Cet extrait d’entretien avec un-e chargé-e de mission, situé-e à l’interface entre les pouvoirs publics commanditaires de son travail et les associations bénéficiaires de celui-ci, nous invite à dégager plusieurs dimensions. Tout d’abord, il nous renseigne sur les objectifs du dispositif : accompagner les associations à être de « bons employeurs », à avoir une « gestion professionnalisée » (Brodiez, 2009). C’est-à-dire à avoir des éléments de gestion, que l’organisation du travail soit conventionnelle ou du moins se rapproche idéalement du respect du droit du travail, etc. Cette idée en amène une autre : « être responsable de ses salariés », c’est être moins militant. Opposer « militantisme » ou « bénévolat » à « professionnalisme » n’est pas une dichotomie évidente : on opposerait plus naturellement « professionnel » à son antonyme « amateur ». Ici, l’association « militante », au projet politique fort, est présentée comme incompatible avec l’image de l’association « professionnelle » prestataire qui saurait, quant à elle, faire des dossiers, parler « le même langage » que l’administration, répondre aux attentes des pouvoirs publics. Enfin, dernier enseignement de cet extrait, si « l’emploi c’est de la balle ! », le développement de l’emploi dans les associations fait évidence. « Professionnaliser » c’est avoir des salariés.
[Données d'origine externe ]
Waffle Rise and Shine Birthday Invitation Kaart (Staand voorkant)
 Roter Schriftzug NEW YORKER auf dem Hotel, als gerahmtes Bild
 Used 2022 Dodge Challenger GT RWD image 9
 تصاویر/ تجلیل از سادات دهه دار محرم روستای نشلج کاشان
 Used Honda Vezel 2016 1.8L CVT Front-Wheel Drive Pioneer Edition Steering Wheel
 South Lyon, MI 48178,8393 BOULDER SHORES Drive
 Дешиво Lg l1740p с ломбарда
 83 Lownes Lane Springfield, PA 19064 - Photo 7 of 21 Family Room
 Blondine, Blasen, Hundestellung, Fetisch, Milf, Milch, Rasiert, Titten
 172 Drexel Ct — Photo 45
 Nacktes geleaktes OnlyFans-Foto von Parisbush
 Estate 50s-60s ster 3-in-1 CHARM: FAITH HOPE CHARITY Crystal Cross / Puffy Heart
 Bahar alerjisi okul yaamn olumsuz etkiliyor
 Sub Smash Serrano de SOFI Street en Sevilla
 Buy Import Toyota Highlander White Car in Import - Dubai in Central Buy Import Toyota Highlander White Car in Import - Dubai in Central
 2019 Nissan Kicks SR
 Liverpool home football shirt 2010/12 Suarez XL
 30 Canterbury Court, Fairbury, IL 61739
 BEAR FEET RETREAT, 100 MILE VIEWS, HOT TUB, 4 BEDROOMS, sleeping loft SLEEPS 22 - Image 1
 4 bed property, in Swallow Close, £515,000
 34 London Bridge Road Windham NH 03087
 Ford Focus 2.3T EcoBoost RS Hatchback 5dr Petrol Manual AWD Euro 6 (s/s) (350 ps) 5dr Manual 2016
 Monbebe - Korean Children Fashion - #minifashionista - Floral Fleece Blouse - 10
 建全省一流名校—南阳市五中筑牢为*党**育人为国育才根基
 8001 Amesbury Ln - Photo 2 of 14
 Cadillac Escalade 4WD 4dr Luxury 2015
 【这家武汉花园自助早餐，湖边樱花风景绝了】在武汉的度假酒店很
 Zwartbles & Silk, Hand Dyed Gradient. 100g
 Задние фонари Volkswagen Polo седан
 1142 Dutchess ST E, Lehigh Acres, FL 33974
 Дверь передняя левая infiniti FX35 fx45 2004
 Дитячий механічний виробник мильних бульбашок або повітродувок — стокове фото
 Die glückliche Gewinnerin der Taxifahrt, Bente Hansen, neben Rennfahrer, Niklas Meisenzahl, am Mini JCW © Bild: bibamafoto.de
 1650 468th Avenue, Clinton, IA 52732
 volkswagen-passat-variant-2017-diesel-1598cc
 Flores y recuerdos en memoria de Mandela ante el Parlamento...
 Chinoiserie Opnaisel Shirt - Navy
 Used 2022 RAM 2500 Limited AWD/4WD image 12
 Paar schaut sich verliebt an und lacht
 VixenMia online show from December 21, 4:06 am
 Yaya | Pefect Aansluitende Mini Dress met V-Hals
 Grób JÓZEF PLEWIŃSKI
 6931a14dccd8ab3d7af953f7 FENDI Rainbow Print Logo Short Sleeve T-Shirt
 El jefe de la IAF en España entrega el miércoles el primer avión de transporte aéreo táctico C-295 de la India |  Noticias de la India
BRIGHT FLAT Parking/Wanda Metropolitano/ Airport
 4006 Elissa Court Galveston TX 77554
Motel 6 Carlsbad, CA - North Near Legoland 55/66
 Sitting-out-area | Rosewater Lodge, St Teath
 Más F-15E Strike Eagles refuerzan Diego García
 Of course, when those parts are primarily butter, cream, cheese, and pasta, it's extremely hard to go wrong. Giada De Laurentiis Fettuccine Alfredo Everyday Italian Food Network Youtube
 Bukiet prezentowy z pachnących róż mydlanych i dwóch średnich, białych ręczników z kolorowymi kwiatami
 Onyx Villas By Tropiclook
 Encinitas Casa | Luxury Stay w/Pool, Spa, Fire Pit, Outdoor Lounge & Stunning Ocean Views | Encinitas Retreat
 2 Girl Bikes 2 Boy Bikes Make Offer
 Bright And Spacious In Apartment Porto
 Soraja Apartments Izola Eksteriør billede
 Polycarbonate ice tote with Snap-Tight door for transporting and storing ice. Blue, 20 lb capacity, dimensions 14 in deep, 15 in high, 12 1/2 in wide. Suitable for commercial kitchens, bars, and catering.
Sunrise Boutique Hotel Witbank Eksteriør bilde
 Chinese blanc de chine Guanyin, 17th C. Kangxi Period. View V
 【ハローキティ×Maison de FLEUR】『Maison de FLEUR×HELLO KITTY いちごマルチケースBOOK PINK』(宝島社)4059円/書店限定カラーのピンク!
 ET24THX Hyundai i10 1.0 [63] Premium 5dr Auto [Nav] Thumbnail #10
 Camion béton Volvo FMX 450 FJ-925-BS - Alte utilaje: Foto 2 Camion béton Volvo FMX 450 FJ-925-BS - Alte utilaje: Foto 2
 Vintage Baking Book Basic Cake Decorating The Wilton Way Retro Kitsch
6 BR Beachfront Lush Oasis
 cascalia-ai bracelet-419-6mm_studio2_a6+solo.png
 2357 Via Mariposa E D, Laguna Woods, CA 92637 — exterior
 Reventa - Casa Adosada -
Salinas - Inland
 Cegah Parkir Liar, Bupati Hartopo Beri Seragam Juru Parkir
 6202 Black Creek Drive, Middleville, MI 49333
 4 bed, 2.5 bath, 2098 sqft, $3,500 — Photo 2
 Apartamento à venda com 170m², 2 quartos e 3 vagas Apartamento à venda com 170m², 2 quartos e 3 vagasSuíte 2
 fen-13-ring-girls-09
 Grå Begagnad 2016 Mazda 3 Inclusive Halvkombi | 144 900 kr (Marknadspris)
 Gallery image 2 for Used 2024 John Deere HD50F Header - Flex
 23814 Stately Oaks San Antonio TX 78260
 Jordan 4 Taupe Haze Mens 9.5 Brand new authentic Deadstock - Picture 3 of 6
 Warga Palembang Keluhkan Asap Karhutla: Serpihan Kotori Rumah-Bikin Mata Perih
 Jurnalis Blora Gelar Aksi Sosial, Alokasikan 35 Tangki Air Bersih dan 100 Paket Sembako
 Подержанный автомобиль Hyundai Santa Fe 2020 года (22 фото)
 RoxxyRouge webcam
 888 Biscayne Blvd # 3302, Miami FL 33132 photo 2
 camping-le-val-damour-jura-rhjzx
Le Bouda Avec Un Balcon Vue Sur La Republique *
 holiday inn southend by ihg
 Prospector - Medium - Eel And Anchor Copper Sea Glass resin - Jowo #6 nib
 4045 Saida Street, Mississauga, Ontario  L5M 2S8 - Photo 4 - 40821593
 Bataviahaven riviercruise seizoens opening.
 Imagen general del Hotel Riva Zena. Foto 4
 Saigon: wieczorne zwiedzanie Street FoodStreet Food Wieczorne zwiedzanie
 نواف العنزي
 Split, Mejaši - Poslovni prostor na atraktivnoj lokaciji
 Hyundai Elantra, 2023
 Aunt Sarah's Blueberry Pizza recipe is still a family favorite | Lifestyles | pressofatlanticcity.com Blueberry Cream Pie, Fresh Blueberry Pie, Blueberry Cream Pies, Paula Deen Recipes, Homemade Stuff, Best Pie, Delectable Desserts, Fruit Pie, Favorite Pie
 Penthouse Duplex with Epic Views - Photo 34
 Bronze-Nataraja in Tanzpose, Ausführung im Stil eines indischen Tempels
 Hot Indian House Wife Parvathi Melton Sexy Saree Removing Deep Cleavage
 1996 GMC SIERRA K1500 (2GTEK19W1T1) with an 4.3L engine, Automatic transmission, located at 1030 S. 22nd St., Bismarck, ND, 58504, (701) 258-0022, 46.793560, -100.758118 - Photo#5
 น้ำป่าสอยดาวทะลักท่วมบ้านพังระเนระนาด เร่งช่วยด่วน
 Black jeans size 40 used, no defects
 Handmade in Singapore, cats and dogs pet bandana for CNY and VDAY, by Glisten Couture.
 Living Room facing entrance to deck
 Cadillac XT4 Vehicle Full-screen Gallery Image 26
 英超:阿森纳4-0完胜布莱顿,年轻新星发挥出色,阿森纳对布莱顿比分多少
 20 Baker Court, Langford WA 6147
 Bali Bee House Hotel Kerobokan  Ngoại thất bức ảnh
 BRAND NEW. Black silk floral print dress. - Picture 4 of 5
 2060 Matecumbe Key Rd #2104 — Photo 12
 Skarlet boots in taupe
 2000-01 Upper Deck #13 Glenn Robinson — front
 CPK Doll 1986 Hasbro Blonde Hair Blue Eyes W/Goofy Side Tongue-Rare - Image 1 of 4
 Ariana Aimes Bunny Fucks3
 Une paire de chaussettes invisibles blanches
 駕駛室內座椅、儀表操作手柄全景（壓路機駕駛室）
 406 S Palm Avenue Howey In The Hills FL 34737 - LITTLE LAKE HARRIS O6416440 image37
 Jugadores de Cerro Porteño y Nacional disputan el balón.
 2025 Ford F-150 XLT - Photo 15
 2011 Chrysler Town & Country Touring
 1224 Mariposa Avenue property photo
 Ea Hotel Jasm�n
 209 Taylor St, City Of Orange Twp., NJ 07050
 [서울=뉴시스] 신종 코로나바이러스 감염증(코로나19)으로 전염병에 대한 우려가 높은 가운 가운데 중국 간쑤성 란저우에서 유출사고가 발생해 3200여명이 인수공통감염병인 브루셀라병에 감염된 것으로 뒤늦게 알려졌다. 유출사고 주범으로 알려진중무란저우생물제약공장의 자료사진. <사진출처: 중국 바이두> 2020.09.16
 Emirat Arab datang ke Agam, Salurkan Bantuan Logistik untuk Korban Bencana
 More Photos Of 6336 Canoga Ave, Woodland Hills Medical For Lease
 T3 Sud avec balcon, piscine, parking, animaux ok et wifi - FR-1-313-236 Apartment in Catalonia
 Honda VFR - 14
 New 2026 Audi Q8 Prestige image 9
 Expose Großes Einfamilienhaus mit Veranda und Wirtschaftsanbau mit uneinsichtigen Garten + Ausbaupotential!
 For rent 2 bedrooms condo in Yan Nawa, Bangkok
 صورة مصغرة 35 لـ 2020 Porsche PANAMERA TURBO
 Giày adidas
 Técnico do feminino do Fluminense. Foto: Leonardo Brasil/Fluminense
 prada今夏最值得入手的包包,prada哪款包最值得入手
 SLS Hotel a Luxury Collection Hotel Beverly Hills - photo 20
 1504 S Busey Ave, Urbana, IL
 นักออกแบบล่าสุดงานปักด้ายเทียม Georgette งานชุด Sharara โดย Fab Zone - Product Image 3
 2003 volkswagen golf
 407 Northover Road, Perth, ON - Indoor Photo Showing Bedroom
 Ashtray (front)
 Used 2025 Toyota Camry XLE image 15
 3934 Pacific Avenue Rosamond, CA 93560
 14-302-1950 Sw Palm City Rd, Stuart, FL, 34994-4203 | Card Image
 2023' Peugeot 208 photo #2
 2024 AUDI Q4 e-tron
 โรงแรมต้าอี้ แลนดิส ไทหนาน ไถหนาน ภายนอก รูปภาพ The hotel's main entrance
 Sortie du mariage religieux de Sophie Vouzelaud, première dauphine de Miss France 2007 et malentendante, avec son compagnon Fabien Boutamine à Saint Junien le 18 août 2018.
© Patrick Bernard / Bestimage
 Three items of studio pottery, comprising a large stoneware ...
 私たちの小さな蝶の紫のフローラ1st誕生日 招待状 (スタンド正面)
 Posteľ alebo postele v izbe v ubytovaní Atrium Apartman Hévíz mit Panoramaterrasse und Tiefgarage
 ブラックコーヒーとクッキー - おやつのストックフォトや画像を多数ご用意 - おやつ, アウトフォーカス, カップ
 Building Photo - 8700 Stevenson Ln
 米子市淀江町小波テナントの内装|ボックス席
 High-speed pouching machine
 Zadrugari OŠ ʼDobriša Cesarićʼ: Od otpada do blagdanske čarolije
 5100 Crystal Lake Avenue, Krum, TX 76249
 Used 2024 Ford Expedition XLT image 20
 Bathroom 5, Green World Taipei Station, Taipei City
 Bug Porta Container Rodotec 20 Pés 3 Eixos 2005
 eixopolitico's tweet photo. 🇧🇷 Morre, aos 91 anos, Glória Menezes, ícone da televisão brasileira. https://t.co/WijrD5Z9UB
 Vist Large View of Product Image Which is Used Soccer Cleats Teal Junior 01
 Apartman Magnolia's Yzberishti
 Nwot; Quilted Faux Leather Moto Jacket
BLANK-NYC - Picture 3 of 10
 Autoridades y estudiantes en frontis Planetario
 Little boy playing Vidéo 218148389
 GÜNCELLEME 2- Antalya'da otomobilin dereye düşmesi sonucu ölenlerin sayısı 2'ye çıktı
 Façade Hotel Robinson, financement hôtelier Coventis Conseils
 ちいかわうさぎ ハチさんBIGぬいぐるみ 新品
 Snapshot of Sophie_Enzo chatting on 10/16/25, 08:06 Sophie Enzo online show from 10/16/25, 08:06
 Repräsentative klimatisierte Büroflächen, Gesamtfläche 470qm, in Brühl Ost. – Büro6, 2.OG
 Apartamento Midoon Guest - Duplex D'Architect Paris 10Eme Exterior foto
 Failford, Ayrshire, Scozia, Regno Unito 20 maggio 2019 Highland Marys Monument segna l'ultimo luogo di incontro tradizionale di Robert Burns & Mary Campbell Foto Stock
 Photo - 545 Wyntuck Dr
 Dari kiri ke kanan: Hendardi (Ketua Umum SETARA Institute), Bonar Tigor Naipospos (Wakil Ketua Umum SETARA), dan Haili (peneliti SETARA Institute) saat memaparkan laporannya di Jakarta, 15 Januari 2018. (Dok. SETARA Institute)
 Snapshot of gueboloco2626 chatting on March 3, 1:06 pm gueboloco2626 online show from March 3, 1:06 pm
Une politique publique pour l’emploi, pour les associations, avec les associations
Au début des années 2000, l’État va créer le dispositif local d’accompagnement (DLA). Cette politique publique offre un soutien aux structures de l’économie sociale et solidaire (ESS), dont les principales représentantes sont les associations, pour consolider leur modèle économique et pérenniser leurs emplois. Pourquoi cette politique publique émerge-t-elle à ce moment précis ? Quelles sont ses modalités ? Que nous dit l’étude du DLA de la transformation de l’État ? Le lecteur aura compris qu’ici, c’est le DLA en tant que politique publique qui sera notre objet. Il ne s’agit pas (encore) d’étudier ses résultats, mais de porter notre attention sur les choix et les formes que prend l’action publique pour comprendre ce que cela nous dit de l’État. La naissance de ce dispositif, et ses modalités, s’inscrit dans une histoire et des formes qu’il convient de comprendre. L’enjeu de cette partie sera de faire « parler » le dispositif en restituant sa genèse et sa structuration.
Méthode & plan
Cette partie a été réalisée à partir d’entretiens (N = 20) avec les créateurs du dispositif, mais aussi avec ceux qui le dirigent – les « pilotes » – ou le mettent en œuvre. Pour comprendre l’organisation et la structuration du dispositif, nous avons également mobilisé la littérature grise : circulaires, documentation interne au dispositif, guides, journaux, rapports d’activité, etc. Ce travail de terrain nous a permis d’avoir une vue d’ensemble de l’univers DLA à la fois structurelle, fonctionnelle et historique.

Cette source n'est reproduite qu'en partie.